Bruce Boudreau was fired as coach of the Washington Capitals, and players really had no other choice but to assume the brunt of the responsibility after a horrid stretch of hockey that pushed the team with the best start in the NHL into a tailspin.
“He prepared us and did the best he could for every one of the games that we played, and we didn’t execute as good as we should’ve,” Brouwer said. “Sometimes it’s the coach that has to be the fall guy.”
“For whatever reason, as a team we weren’t really responding well enough or as good as we should have been,” said Alzner, a defenseman. “And it’s kind of ‘Where do you go from there?’ And that’s when they come into play, the guys upstairs. And they do what they have to do.”

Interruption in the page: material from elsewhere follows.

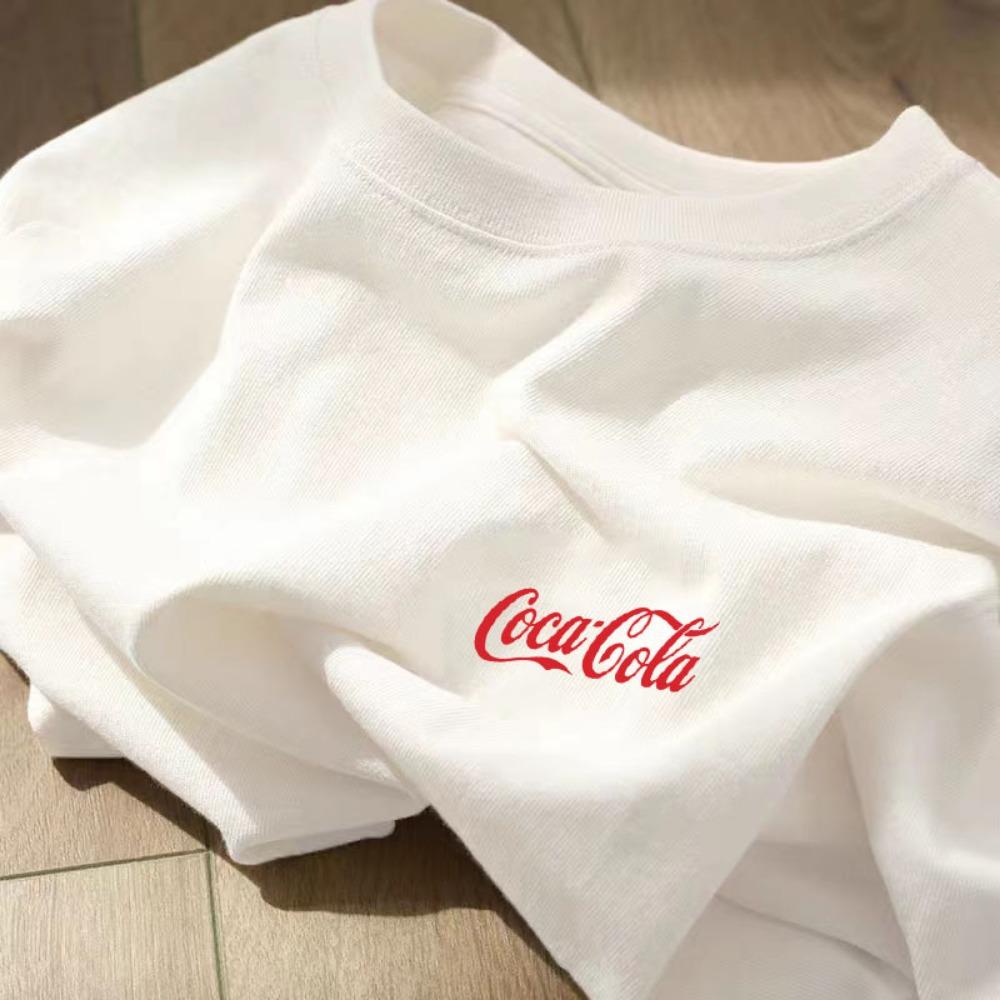 Women's Cotton Short-Sleeved T-shirt Summer Women's Loose White Short-Sleeved Shirt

What McPhee felt he had to do was fire Boudreau and hire Dale Hunter as the team’s coach. But it was a 3-7-1 stretch under Boudreau that had the Capitals talking about losing confidence — and then talking about losing the man who has been in charge here since Thanksgiving 2007.

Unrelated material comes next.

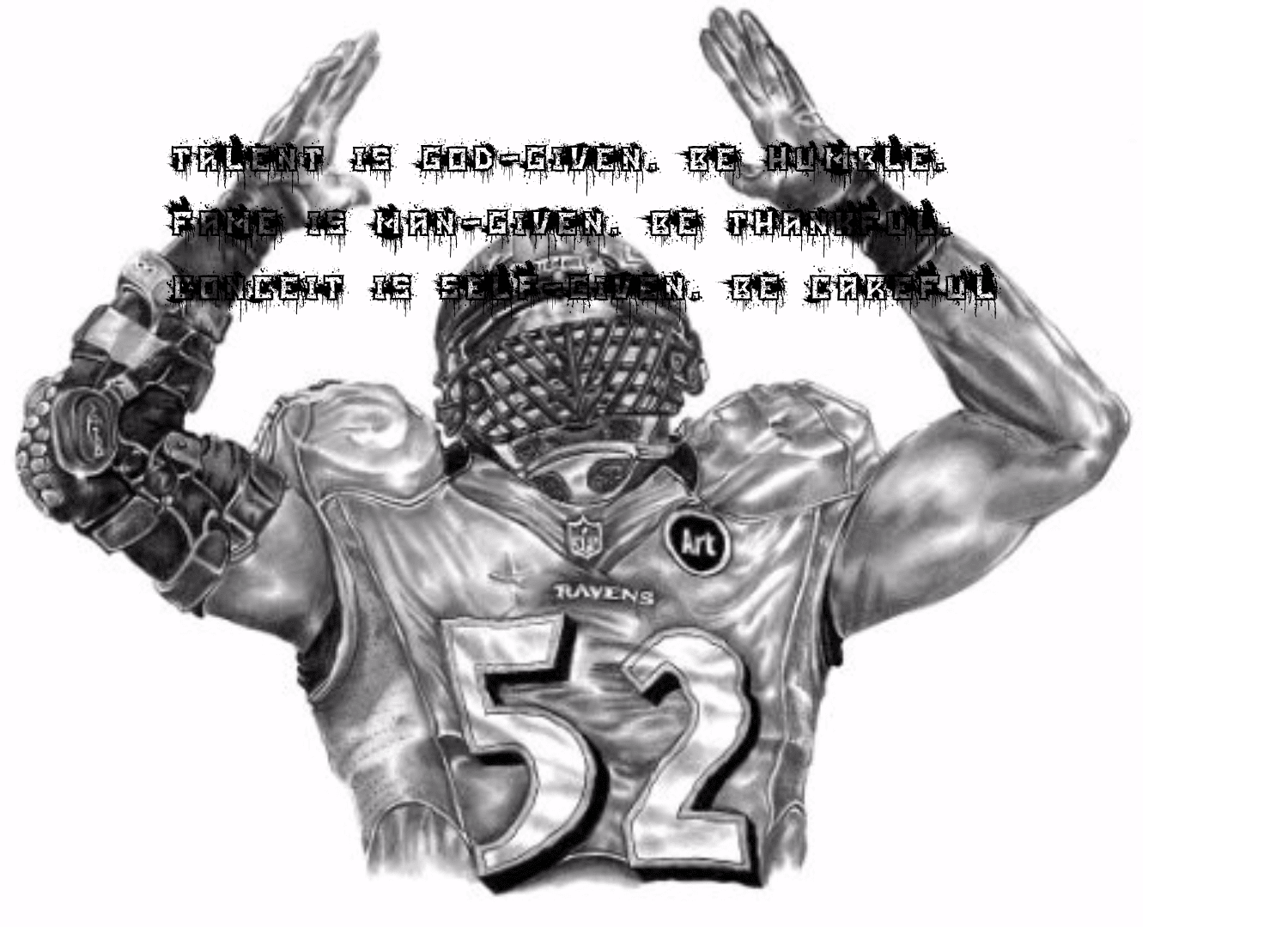 1500x1080 Ray Lewis Inspirational Thing By Image - Ray Lewis Sketch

“I didn’t think it’s going to happen [now]. Eventually I thought it would happen if we keep doing what we were doing,”Vokoun said. “I didn’t think it’s going to happen this quickly. But we’re all to blame. Me personally not playing up [to] my standards — also probably 18 other guys in this locker room doing the same thing.”

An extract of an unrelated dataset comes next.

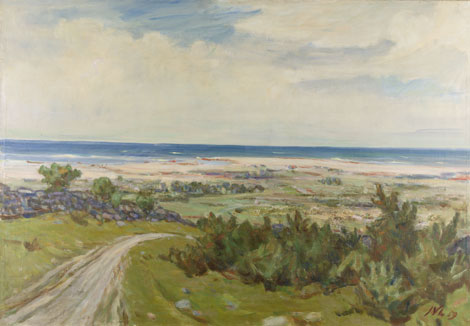 Johannes Võerahansu "Saaremaa rand"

Multiple players noted that this is the “business” of hockey. Coaches get fired based on results, unfulfilled expectations and a lack of cohesion.
“I’m a little surprised, but obviously in this business that’s how it works,” alternate captain Nicklas Backstrom said. “You’ve just got to deal with it. I think we had the capability to be higher up in the standings than we are.”
Captain Alex Ovechkin, who has eight goals and nine assists and a minus-7 rating, was the only player to use the word “shock” to describe his reaction to a move that came after two ugly losses.
“After it happened, I have 15 missed calls, 15 messages. It is a shocking situation, but it is what it is,” Ovechkin said.
Generally, players weren’t surprised because their play indicated that Boudreau’s message wasn’t getting through. At times, even the effort was lacking.
“I think we had spurts of great hockey. We had spurts of terrible hockey. We had spurts of a lot of work ethic, and other times we weren’t,” forward Matt Hendricks said. “It was just too much of a roller coaster — with emotions, with play, with things that make us successful. We weren’t doing what we needed to do to win.”